Jet Propulsion Laboratory
January 3, 2004
NASA Spacecraft Makes Great Catch...Heads for Touchdown
Team Stardust, NASA's first dedicated sample return mission to a comet, passed a huge milestone today by successfully navigating through the particle and gas-laden coma around comet Wild 2 (pronounced "Vilt-2"). During the hazardous traverse, the spacecraft flew within 240 kilometers (149 miles) of the comet, catching samples of comet particles and scoring detailed pictures of Wild 2's pockmarked surface.
"Things couldn't have worked better in a fairy tale," said Tom Duxbury, Stardust project manager at NASA's Jet Propulsion Laboratory, Pasadena, Calif.
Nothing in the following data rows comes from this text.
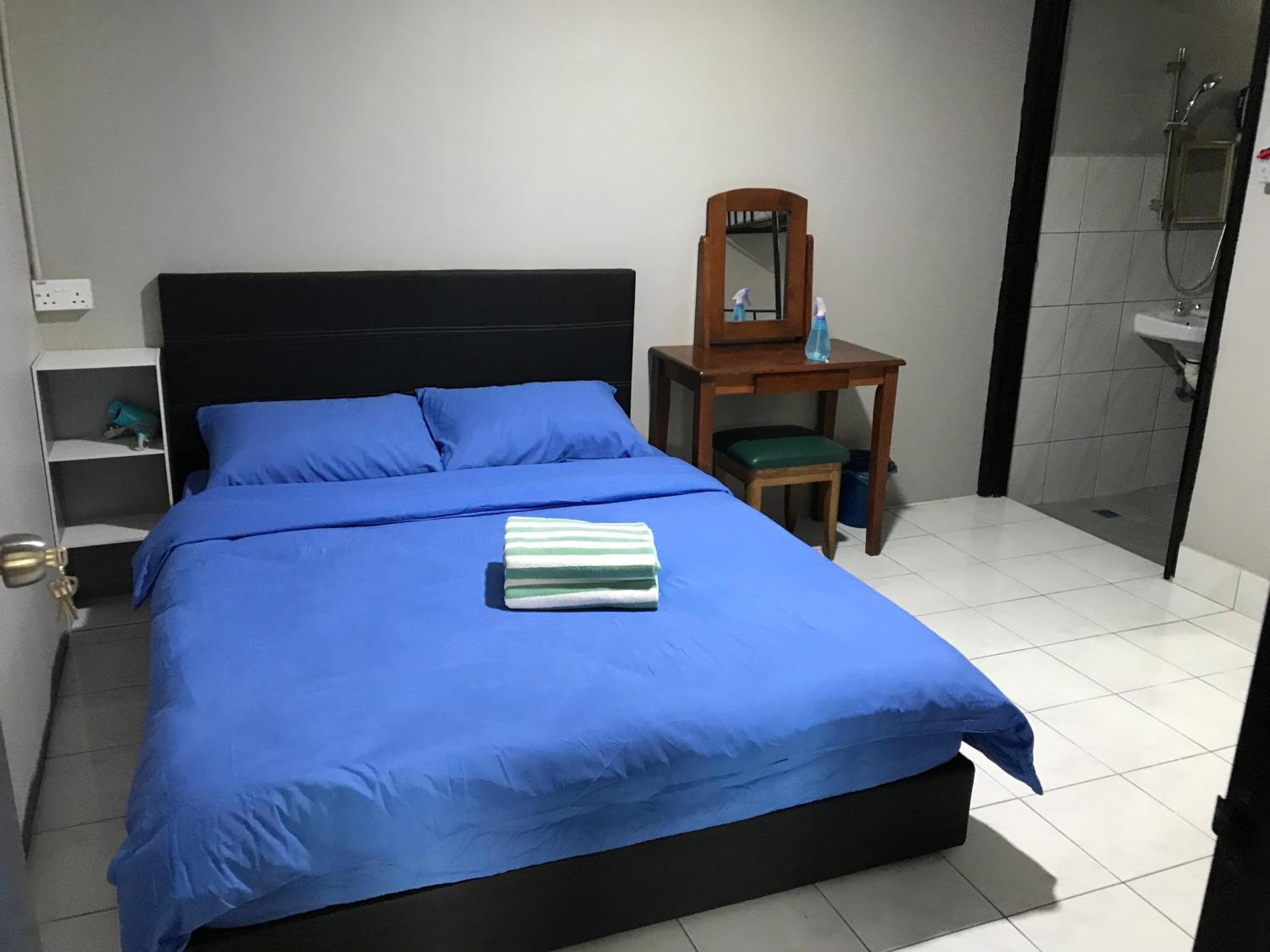AmanCin house 3 rooms 9paxs - Aman Homestay Kundasang Sabah photo 6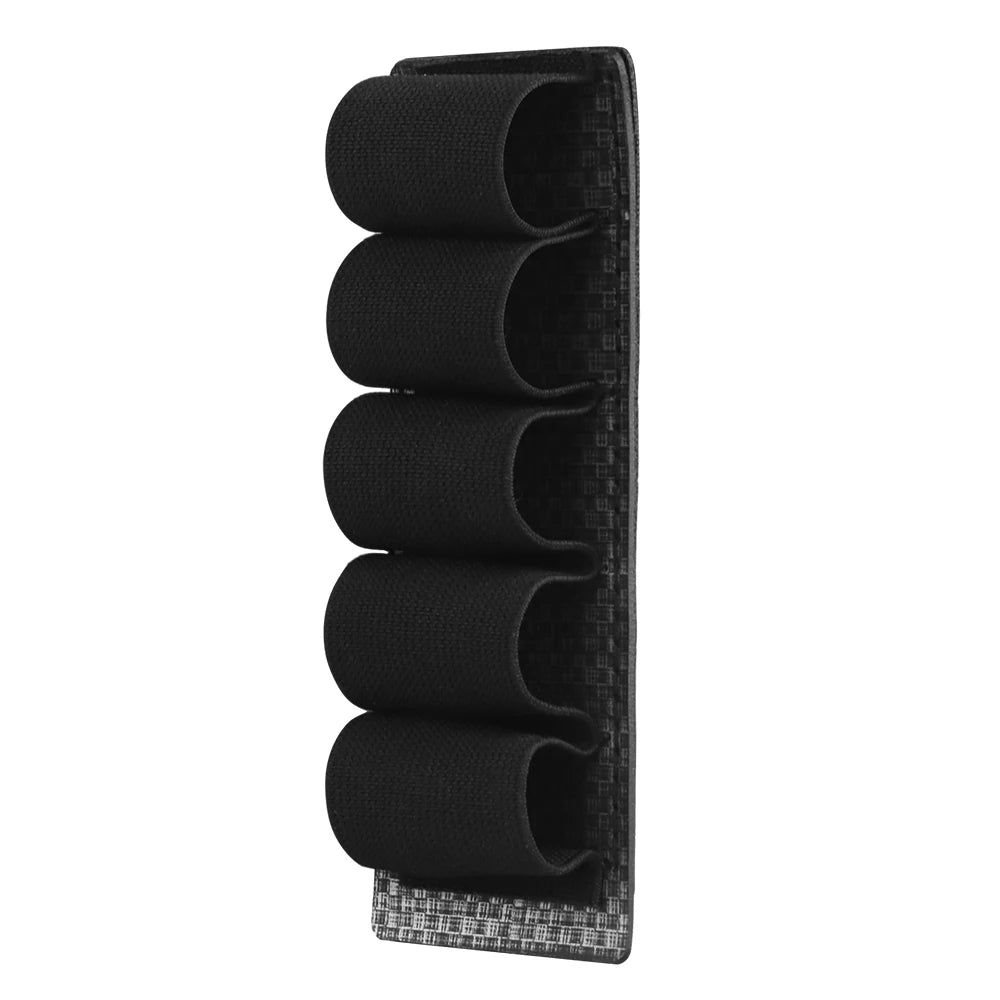 Tactical Elastic 5 Gauge Shell Holder MOLLE – Porte-cartouches pour Cartouches de Fusil BLACKBEARD OUTDOOR INDUSTRIES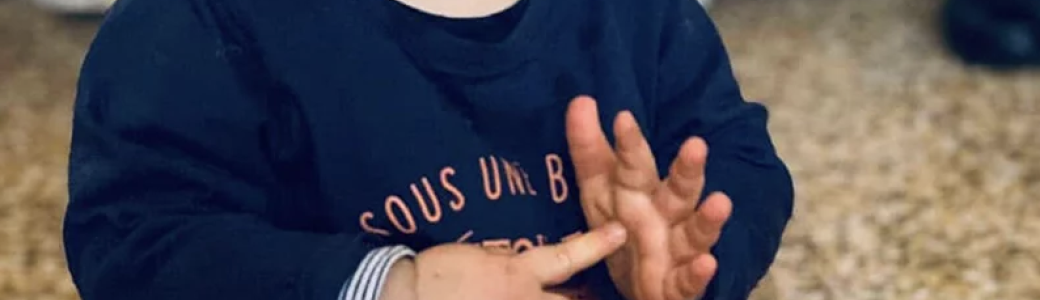 Atelier bébé signes 0-2 ans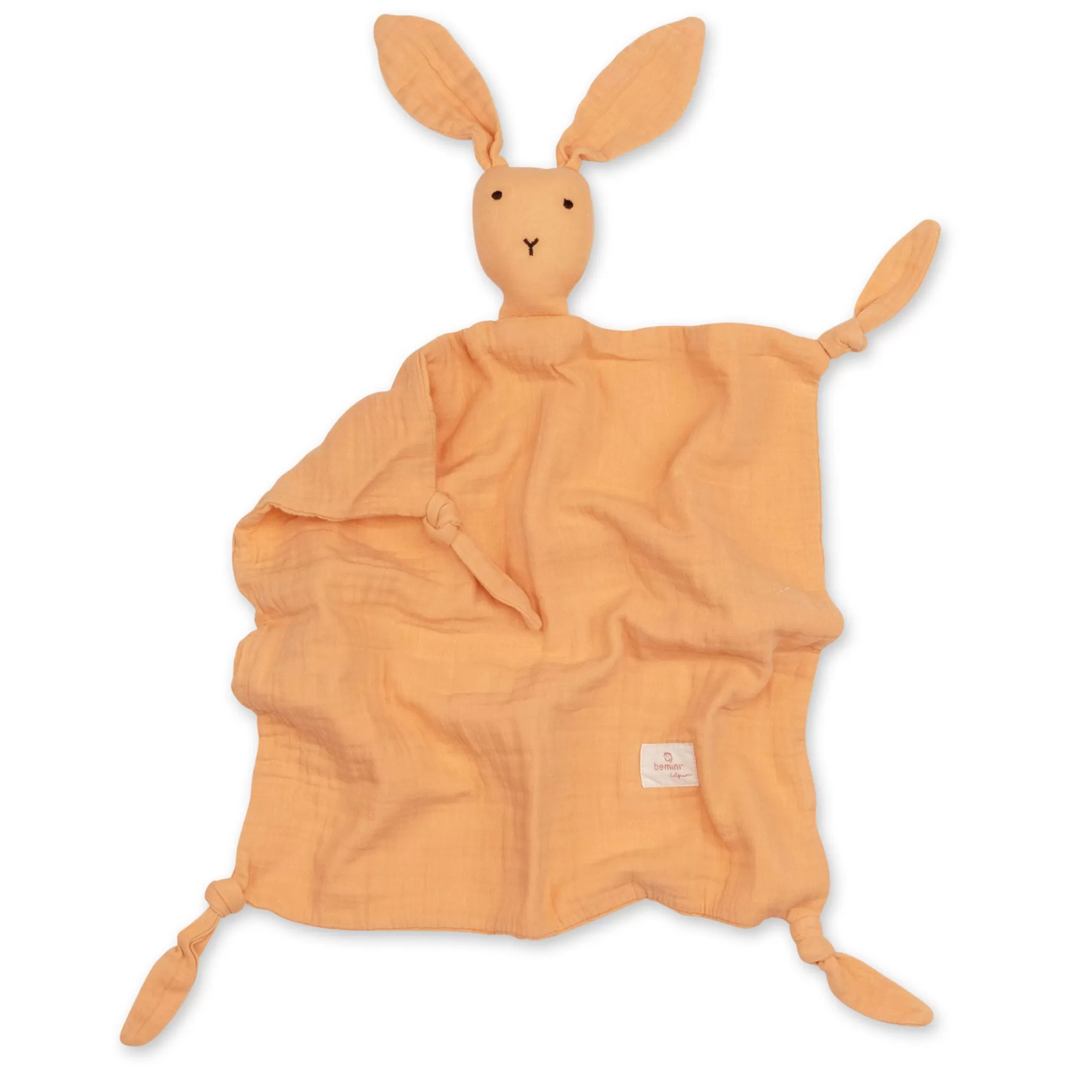 Best BEMINI Bunny Cotton Muslin 40X40 Cm Bunny Biscuit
"These images are better than we had hoped for in our wildest dreams," said Ray Newburn of JPL, a co-investigator for Stardust. "They will help us better understand the mechanisms that drive conditions on comets."
"These are the best pictures ever taken of a comet," said Principal Investigator Dr. Don Brownlee of the University of Washington, Seattle. "Although Stardust was designed to be a comet sample return mission, the fantastic details shown in these images greatly exceed our expectations."
The collected particles, stowed in a sample return capsule onboard Stardust, will be returned to Earth for in-depth analysis. That dramatic event will occur on January 15, 2006, when the capsule makes a soft landing at the U.S. Air Force Utah Test and Training Range. The microscopic particle samples of comet and interstellar dust collected by Stardust will be taken to the planetary material curatorial facility at NASA's Johnson Space Center, Houston, Texas, for analysis.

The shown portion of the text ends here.